First, it should be pointed out that it is the user-interface, for example the main navigation links and form labels that have been localized (translated), not the dynamic content, Clouds, Cloudscapes and so on. Greek was chosen as the first language as we recieved European funding for this purpose, but translating into other languages will require less effort (volunteers are welcome to email email@example.com).
Cloudworks is built on top of the CodeIgniter software framework, which has support for internationalization. However, CodeIgniter uses a bespoke method, which though it is efficient, has drawbacks, for translators - a lack of tools, and for developers - having to simultaneously edit two files when internationalizing a source text. Both these issues were a concern given the size of Cloudworks (700 texts extracted!) and the limited time available. (Tech: by default CodeIgniter stores language packs in arrays, a similar method to that used by the Moodle open-source e-learning software.)
After further research, I settled on GNU Gettext, a set of free/open-source software libraries and file formats, which is used by many Linux distributions, and by web projects including Wordpress and Drupal (with subtle variations).
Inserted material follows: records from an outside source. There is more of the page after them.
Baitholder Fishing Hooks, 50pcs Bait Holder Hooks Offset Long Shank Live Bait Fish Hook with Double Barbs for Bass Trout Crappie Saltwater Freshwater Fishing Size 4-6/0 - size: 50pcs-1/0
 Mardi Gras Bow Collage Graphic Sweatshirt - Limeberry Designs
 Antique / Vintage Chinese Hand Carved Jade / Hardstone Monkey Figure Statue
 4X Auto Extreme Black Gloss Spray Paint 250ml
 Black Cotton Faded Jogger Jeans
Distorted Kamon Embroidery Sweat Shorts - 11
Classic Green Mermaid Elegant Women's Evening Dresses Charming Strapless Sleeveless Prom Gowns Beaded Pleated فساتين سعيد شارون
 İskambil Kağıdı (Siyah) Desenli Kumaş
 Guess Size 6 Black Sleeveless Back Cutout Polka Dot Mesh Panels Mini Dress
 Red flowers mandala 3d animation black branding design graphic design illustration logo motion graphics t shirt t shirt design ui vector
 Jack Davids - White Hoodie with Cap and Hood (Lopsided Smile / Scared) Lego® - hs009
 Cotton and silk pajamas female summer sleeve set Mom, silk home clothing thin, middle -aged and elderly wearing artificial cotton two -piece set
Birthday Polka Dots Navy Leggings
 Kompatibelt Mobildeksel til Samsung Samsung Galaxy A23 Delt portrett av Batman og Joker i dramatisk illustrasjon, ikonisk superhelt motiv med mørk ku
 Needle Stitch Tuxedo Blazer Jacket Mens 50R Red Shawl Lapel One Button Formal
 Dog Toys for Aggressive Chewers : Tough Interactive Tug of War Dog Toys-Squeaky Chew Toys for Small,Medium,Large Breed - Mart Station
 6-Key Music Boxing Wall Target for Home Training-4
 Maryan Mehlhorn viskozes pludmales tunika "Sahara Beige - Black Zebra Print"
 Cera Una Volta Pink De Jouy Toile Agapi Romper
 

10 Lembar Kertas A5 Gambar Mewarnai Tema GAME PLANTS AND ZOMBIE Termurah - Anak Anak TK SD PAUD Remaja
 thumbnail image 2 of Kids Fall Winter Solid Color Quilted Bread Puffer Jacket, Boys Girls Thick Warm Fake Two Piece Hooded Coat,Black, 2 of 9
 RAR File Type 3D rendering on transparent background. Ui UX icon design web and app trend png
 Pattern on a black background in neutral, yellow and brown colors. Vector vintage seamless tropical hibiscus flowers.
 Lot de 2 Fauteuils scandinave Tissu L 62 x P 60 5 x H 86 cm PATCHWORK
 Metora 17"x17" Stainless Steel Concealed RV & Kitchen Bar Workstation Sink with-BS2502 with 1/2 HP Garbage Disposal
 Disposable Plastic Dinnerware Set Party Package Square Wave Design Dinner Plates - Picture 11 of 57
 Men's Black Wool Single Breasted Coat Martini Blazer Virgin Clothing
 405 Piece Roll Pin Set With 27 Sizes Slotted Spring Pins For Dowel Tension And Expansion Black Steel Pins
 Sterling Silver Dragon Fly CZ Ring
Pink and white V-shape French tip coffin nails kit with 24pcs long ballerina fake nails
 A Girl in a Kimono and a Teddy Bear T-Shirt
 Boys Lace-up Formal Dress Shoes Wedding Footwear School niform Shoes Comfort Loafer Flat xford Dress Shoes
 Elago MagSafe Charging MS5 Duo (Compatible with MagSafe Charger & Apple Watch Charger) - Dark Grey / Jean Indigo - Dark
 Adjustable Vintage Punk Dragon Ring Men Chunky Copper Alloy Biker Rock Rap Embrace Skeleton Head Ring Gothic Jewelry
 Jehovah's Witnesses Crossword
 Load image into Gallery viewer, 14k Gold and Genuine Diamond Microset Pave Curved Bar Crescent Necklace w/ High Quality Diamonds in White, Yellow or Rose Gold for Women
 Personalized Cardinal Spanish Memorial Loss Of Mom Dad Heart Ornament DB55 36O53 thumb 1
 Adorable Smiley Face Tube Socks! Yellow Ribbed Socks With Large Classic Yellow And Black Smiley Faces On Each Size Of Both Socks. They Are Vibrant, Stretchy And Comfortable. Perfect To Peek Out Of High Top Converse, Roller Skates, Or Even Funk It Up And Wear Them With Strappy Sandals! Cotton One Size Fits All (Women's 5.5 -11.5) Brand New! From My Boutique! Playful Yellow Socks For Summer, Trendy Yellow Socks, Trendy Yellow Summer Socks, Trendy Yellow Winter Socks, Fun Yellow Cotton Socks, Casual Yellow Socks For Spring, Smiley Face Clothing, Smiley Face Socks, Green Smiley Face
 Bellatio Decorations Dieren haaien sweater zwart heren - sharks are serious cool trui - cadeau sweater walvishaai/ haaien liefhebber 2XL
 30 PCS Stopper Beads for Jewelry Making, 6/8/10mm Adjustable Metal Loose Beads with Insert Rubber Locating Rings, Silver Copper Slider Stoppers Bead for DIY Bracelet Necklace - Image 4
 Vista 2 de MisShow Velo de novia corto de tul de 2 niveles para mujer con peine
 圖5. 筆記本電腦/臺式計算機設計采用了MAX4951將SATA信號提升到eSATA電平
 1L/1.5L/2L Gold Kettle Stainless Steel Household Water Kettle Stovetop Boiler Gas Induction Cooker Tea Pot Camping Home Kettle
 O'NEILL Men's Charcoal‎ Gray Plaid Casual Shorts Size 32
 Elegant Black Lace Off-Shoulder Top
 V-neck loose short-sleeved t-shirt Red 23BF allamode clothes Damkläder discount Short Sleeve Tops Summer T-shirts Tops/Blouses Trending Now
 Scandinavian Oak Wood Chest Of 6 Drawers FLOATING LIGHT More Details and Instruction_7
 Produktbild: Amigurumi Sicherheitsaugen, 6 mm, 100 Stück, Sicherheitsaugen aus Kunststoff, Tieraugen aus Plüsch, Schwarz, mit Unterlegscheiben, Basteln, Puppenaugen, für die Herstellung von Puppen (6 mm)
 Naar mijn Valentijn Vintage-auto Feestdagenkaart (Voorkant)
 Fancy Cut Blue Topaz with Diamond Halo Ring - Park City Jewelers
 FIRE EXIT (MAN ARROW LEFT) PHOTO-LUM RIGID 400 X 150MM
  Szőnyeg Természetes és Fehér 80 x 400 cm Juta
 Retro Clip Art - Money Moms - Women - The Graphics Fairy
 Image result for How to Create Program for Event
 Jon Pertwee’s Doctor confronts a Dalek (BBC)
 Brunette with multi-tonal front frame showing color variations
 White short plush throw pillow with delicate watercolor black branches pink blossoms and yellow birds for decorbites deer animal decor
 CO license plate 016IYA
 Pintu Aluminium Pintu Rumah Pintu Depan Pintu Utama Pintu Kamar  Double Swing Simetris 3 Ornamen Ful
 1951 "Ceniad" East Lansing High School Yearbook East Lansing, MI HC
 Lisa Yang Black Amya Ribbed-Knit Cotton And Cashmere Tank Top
In the Gettext method, each text string in the software is manually wrapped by the developer in a function call (a software notation or syntax). A software tool is used to automatically extract each chunk of text to a file (with a .po or .pot file extension).
The translator uses a specialised graphical editor to translate the text. Files can be merged and joined. The resulting file is converted to a binary format (.mo extension), which is deployed to the server. Gettext handles plurals (languages use suffixes differently for zero, one, two...), and to some extent dates.
I developed a system of placeholders for dynamic parts of sentences and phrases - for example the titles of Clouds, names of contributors, dates and so on. This borrowed heavily from Drupal with some variations to help maintain content flow, particularly in the about pages (the only content to be translated). And, the language will be chosen based on your browser software's configuration, with the option to override this by selecting the language from a menu.
What lessons have we learnt?
- Using built-in date/time functionality (Tech:
strftimePHP/C function) is not trivial, due to encoding issues on Windows servers. This is one reason why web projects like Drupal handle dates and times themselves.
- Preparing the template files for translation, writing notes/instructions for translators, and integrating the text from translators takes more time than you might think.
- Character encoding can be an issue - for historical reasons Cloudworks uses Latin1 (ISO-8859-1), and we still need to convert content with a quite a lot of accents to Unicode. (Note, this may require some down time - we'll keep you posted.)
- The only drawbacks to Gettext that I have found in the context of a web site/application, are the need to create a binary file, and the difficulty of extending a language using multiple files. Drupal deals with these issues by handling the localization files itself, bypassing the default system functionality.
Finally, my thanks to Martha Vasiliadou from Innovade LI Ltd. in Cyprus, who is doing a great job of translating the site to Greek! And we'll keep you posted as we release the new language functionality.
Posted by Nick Freear on 26 March 2010